Make your inner loop like this will allow you to detect the 'bad' file (and further investigate)
from pandas.io import parser
def to_hdf():
.....
# Reading csv files from list_files function
for f in list_files():
# Creating reader in chunks -- reduces memory load
try:
reader = pd.read_csv(f, chunksize=50000)
# Looping over chunks and storing them in store file, node name 'ta_data'
for chunk in reader:
chunk.to_hdf(store, 'ta_data', table=True)
except (parser.CParserError) as detail:
print f, detail
The solution is to use the parameter engine=’python’ in the read_csv function. The Pandas CSV parser can use two different “engines” to parse a CSV file – Python or C (which is also the default).
pandas.read_csv(filepath, sep=',', delimiter=None,
header='infer', names=None,
index_col=None, usecols=None, squeeze=False,
..., engine=None, ...)
The Python engine is described to be “slower, but is more feature complete” in the Pandas documentation.
engine : {‘c’, ‘python’}
My error:
ParserError: Error tokenizing data. C error: EOF inside string
starting at row 4488'
was resolved by adding delimiter="\t" in my code as:
import pandas as pd
df = pd.read_csv("filename.csv", delimiter="\t")
Use
engine="python",
error_bad_lines=False,
on the read_csv .
The full call will be like this:
df = pd.read_csv(csvfile,
delimiter="\t",
engine="python",
error_bad_lines=False,
encoding='utf-8')
For me, the other solutions did not work and caused me quite a headache. error_bad_lines=False still gives the error C error: EOF inside string starting at line. Using a different quoting didn't give the desired results either, since I did not want to have quotes in my text.

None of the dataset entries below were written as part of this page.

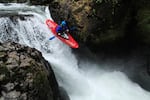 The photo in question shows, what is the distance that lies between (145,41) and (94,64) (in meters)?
1.76

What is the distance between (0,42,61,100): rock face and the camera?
190 inches


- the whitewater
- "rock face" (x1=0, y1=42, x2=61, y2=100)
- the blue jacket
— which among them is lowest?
the whitewater

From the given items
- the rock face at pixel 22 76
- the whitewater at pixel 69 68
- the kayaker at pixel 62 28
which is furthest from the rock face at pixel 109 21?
the rock face at pixel 22 76

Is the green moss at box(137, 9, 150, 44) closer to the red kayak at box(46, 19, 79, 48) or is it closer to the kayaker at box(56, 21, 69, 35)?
the red kayak at box(46, 19, 79, 48)

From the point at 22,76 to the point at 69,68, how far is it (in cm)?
370

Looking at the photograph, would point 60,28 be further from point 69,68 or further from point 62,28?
point 69,68

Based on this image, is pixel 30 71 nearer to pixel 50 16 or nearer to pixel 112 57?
pixel 112 57

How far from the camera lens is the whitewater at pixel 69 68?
25.9 ft

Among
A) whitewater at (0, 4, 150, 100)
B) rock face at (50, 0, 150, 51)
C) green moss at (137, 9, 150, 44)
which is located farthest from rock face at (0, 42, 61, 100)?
green moss at (137, 9, 150, 44)

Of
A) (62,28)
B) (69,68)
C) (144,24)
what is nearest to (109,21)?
(144,24)

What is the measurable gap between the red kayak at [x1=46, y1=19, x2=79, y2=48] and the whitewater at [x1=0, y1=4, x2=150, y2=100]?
0.34 metres

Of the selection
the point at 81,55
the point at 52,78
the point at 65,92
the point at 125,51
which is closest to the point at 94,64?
the point at 81,55

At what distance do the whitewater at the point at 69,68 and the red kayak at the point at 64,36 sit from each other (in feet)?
1.11

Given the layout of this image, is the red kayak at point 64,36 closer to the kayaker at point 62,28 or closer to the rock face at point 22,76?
the kayaker at point 62,28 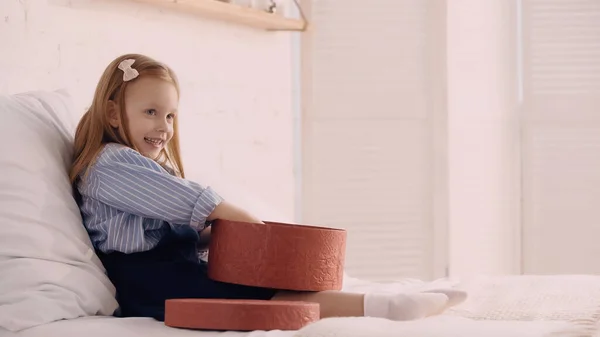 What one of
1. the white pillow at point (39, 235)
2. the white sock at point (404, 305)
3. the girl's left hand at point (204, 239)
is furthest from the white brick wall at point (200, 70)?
the white sock at point (404, 305)

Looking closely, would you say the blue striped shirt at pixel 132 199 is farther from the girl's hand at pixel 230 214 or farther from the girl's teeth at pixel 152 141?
the girl's teeth at pixel 152 141

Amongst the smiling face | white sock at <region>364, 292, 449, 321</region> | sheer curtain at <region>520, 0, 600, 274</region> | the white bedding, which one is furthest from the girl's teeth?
sheer curtain at <region>520, 0, 600, 274</region>

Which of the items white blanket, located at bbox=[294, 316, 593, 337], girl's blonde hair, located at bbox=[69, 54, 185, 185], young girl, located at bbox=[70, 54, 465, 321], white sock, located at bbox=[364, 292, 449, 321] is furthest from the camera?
girl's blonde hair, located at bbox=[69, 54, 185, 185]

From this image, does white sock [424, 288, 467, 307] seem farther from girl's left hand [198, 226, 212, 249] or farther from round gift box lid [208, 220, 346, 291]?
girl's left hand [198, 226, 212, 249]

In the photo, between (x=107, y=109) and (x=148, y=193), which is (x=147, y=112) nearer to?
(x=107, y=109)

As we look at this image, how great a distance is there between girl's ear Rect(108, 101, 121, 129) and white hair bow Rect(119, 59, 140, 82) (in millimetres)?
62

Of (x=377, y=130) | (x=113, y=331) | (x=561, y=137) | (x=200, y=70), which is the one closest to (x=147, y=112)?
(x=113, y=331)

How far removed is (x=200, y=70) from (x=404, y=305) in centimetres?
159

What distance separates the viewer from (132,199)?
1.90 m

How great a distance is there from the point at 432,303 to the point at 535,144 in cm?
219

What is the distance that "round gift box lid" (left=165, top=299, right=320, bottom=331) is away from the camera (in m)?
1.63

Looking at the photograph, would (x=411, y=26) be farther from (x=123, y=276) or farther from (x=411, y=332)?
(x=411, y=332)

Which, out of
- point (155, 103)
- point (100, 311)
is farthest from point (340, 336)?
point (155, 103)

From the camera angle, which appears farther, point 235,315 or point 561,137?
point 561,137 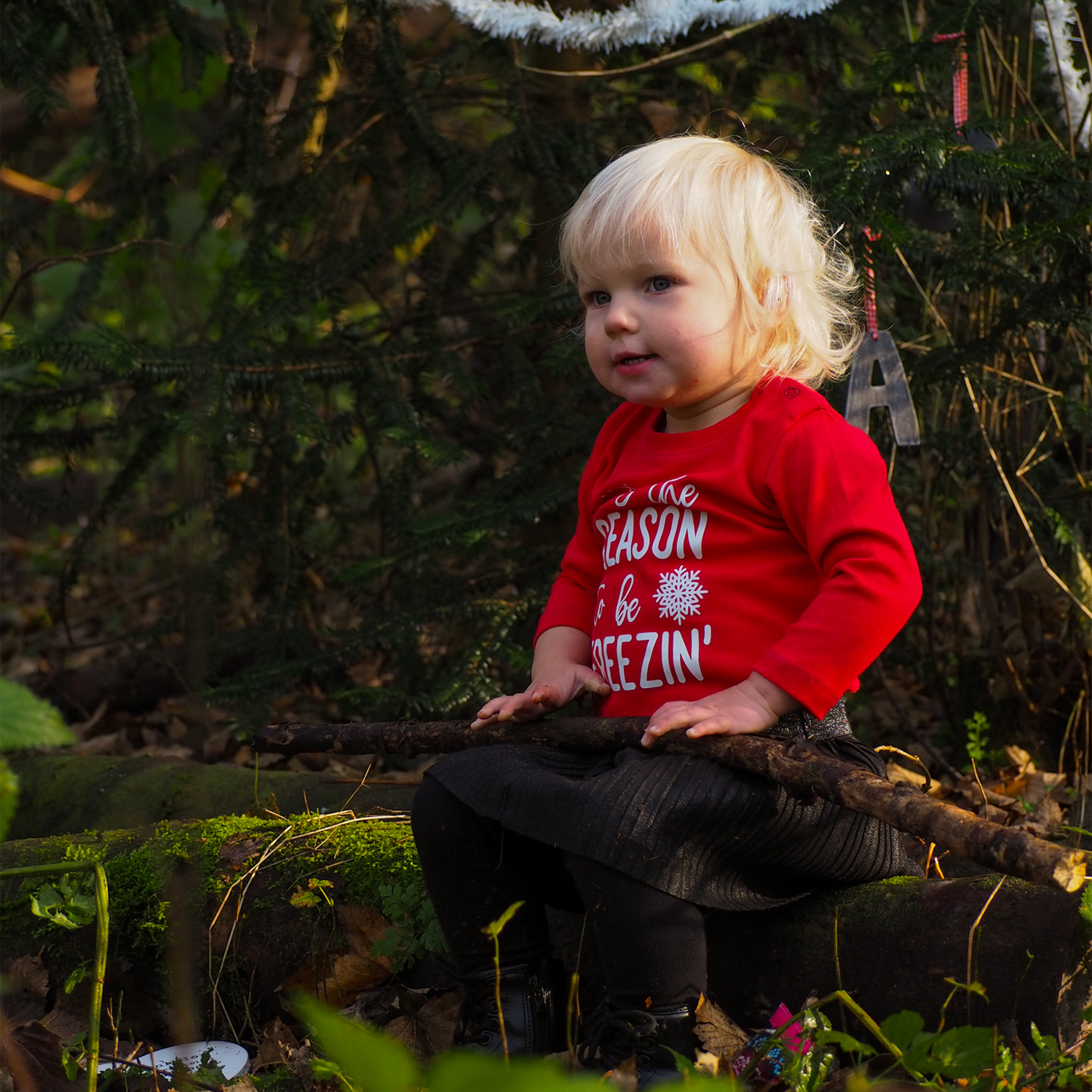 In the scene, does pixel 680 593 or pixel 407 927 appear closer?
pixel 680 593

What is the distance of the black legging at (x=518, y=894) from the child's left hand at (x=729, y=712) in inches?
10.0

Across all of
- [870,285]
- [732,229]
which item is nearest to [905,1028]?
[732,229]

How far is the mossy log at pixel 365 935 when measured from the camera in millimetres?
1688

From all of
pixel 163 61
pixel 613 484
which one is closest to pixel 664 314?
pixel 613 484

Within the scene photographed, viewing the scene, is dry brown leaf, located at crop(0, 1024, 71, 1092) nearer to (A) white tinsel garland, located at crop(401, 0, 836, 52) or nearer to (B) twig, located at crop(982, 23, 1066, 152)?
(A) white tinsel garland, located at crop(401, 0, 836, 52)

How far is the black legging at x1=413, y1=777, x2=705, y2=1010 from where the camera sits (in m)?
1.71

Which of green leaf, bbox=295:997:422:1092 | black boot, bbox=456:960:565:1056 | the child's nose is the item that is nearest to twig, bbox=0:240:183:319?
the child's nose

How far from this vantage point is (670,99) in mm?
3773

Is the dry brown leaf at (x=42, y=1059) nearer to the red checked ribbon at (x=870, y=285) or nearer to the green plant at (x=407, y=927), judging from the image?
the green plant at (x=407, y=927)

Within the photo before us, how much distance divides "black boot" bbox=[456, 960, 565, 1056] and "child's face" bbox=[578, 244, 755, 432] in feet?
3.57

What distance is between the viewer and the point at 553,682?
2.21 metres

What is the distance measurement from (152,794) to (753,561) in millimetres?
1772

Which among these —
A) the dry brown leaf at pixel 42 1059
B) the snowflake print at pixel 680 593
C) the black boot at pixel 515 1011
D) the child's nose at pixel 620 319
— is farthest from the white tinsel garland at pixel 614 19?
the dry brown leaf at pixel 42 1059

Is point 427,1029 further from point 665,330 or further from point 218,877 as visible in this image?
point 665,330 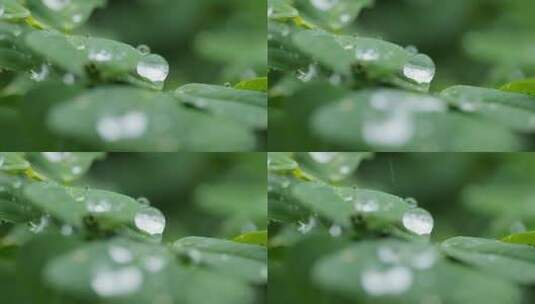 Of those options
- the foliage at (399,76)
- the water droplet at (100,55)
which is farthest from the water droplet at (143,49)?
the foliage at (399,76)

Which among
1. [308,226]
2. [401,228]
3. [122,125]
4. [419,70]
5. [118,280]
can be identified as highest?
[419,70]

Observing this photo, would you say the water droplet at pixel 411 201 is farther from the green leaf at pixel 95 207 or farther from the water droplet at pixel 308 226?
the green leaf at pixel 95 207

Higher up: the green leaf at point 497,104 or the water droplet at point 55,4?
the green leaf at point 497,104

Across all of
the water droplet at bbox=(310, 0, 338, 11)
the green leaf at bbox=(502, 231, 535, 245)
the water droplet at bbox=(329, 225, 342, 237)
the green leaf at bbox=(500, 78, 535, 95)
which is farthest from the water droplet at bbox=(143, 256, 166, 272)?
the green leaf at bbox=(500, 78, 535, 95)

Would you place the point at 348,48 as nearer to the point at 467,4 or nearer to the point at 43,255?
the point at 467,4

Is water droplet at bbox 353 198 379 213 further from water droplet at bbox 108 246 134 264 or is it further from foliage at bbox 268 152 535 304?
water droplet at bbox 108 246 134 264

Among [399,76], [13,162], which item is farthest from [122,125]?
[399,76]

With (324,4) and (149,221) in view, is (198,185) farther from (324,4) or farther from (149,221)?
(324,4) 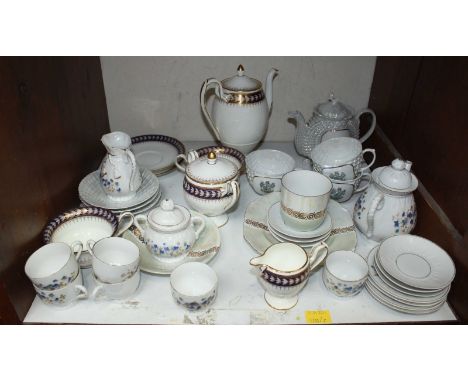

I realised that there was a bug in Pandas 0.20. Upgrading to version 0.21 completely solved my issue. More info about this bug, see: https://github.com/pandas-dev/pandas/issues/16559
Note: this may be Windows-related as mentioned in the URL.
After looking up for a solution for hours, I have finally come up with a workaround.
The best way to eliminate this C error: EOF inside string starting at line exception without multiprocessing efficiency reduction is to preprocess the input data (if you have such an opportunity).
Replace all of the '\n' entries in the input file on, for instance ', ', or on any other unique symbols sequence (for example, 'aghr21*&'). Then you will be able to read_csv the data into your dataframe.
After you have read the data, you may want to replace all of your unique symbols sequences ('aghr21*&'), back on '\n'.
Had similar issue while trying to pull data from a Github repository. Simple mistake, was trying to pull data from the git blob (the html rendered part) instead of the raw csv.
If you're pulling data from a git repo, make sure your link doesn't include a \<repo name\>/blob unless you're specifically interested in html code from the repo.